Edgar Schein is the generally acknowledged
guru in understanding and working with corporate
cultures. His book, The Corporate Culture
Survival Guide, can be extremely useful
for anyone trying to understand why their
institution works the way it does. While
it is primarily aimed at for-profit corporate
managers, the language and concepts are clearly
understandable by chaplains and others who
don’t have an MBA.
Schein starts by explaining why understanding
corporate culture is so important and some
of the consequences of misunderstanding it.

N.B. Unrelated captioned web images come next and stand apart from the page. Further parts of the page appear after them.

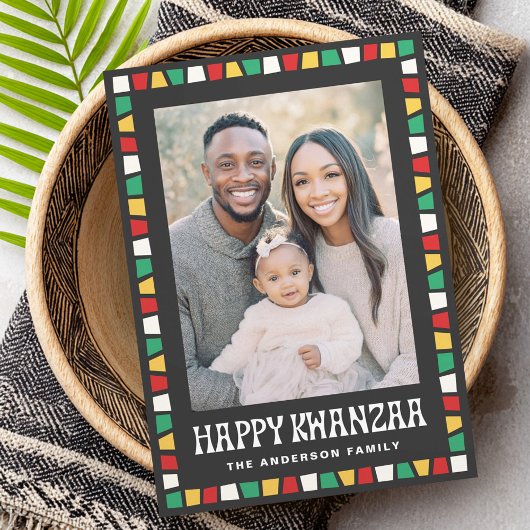 Happy Kwanzaa red green yellow mosaic border photo シーズンカード
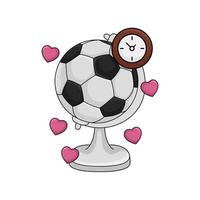 globe football balle, l'horloge temps avec l'amour illustration vecteur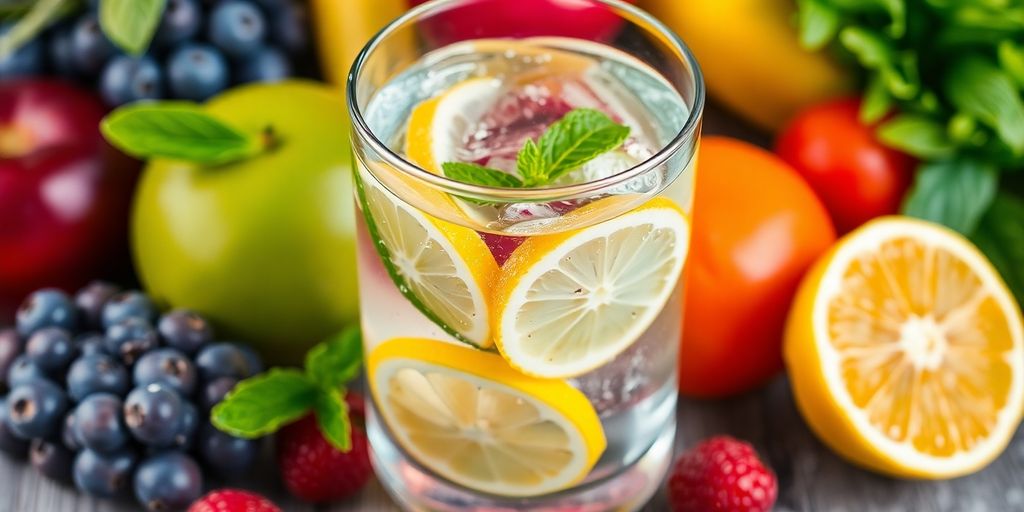 Refreshing drink for hydration with fruits and mint.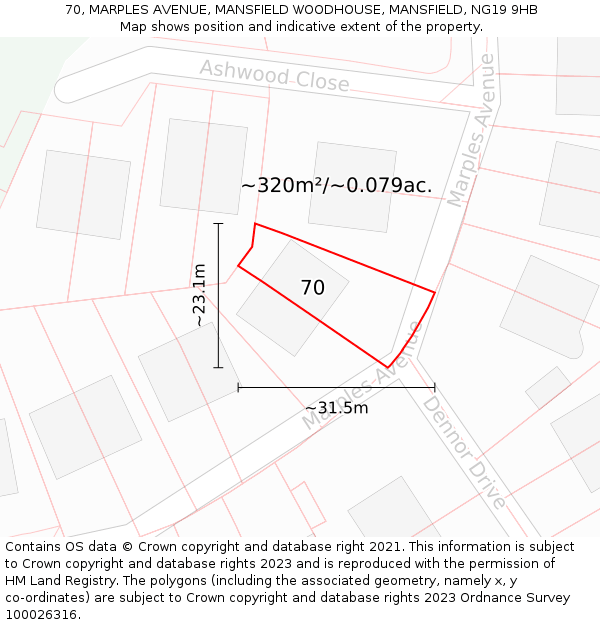 70, MARPLES AVENUE, MANSFIELD WOODHOUSE, MANSFIELD, NG19 9HB: Plot and title map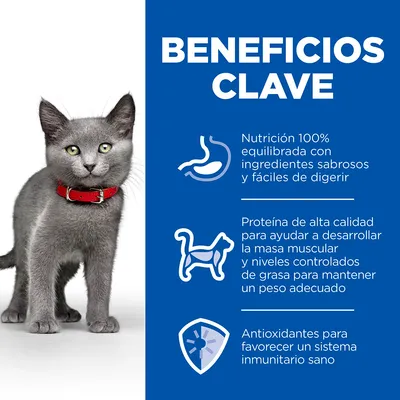 Beneficios clave: nutrición 100% equilibrada, proteína de alta calidad para masa muscular y peso adecuado, antioxidantes para sistema inmunitario sano. Texto en español.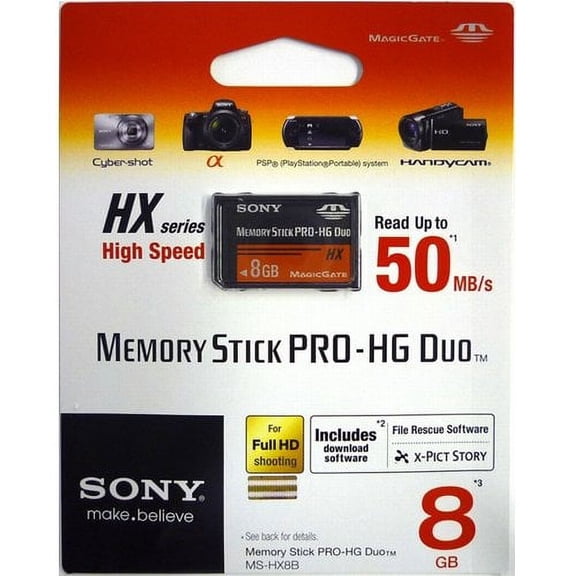 [Overseas Package] SONY Memory Stick Pro-HG Duo HX 8GB 50MB / s MS-HX8B// Class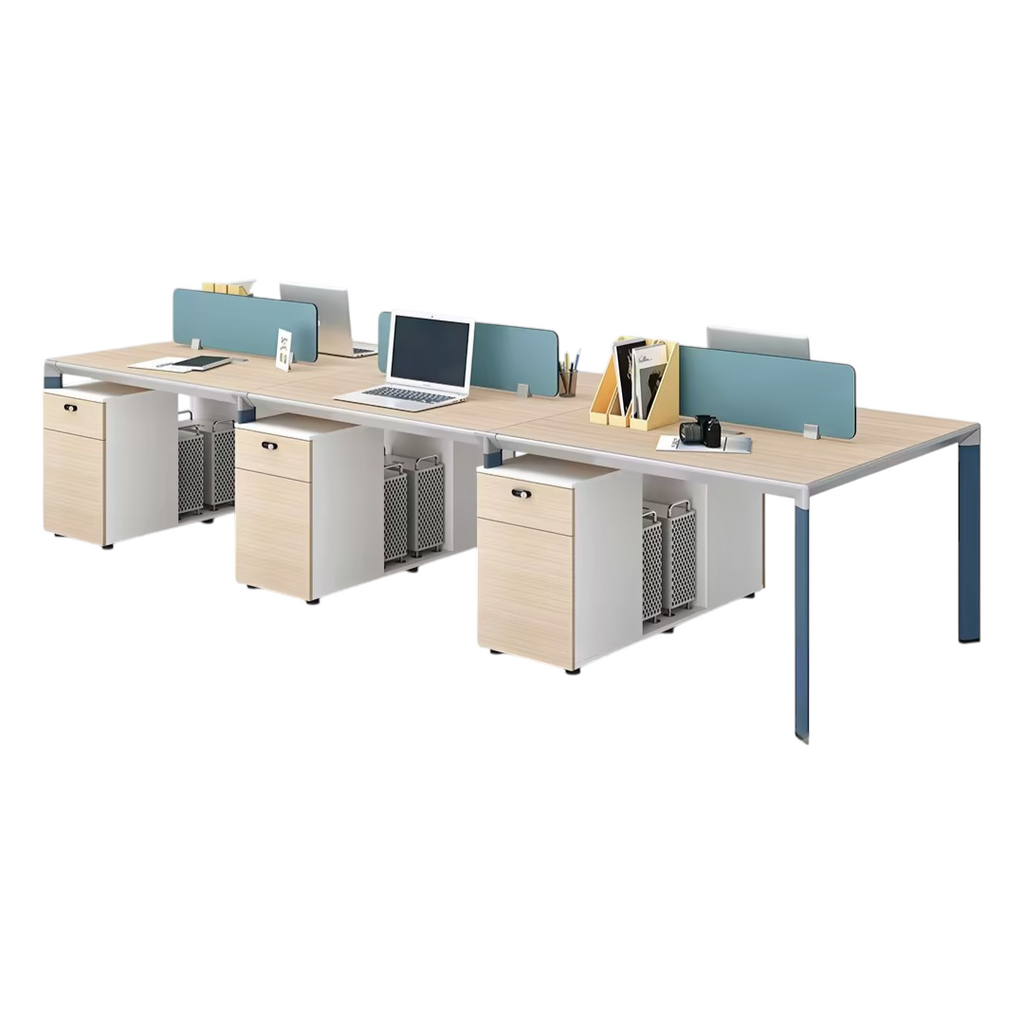 Collaborative Office Workstation Desk with Privacy Screens and Integrated Storage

Again, while the examples are corporate,
those illustrating organizations of different
levels of maturity and mergers are easily
transferable to non-profit health care. He
then provides a very helpful description
and in-depth discussion of corporate culture,
including artifacts, espoused values and
tacit assumptions followed by a chapter on
how to assess culture. The second half of
the book is devoted to discussing corporate
culture in the setting of a start up company,
a company in transformation, a mature company
and a newly merged company. While these chapters
are very readable, they are not as relevant
as the first part of the book.
Every few pages, Schein includes sections
called “Practical Implications”which
are provocative questions and suggestions
for the reader to consider as they apply
the material to their particular setting.
While this can be a very helpful book for
chaplains trying to understand and integrate
with their institutional cultures, Schein
presents several cautions which need to be
kept in mind. The major one is that corporate
culture is very difficult to change even
for a CEO. Generally, the best one can do
is learning to work with the corporate culture
and use it to one’s advantage rather
than trying to work around or through it.
Lastly, analyzing corporate culture may lead
one to the conclusion that this particular
culture will simply not allow the transformation
that one wants to make.
The Corporate Culture Survival Guide.
Schein, Edgar H. (Jossey-Bass, San Francisco,
1999), 195 pp.
The Rev. George F. Handzo is Associate
Vice President, Strategic Development at The
HealthCare Chaplaincy in New York City. He
has spent nearly three decades in the field
of multifaith clinical pastoral care. A certified
healthcare chaplain and Lutheran Pastor, the
Rev. Handzo served as president of the Association
of Professional Chaplains (APC) from 2002-2004.
He also served as chair of the Council on Collaboration,
which is comprised of six major pastoral care
organizations in the United States and Canada.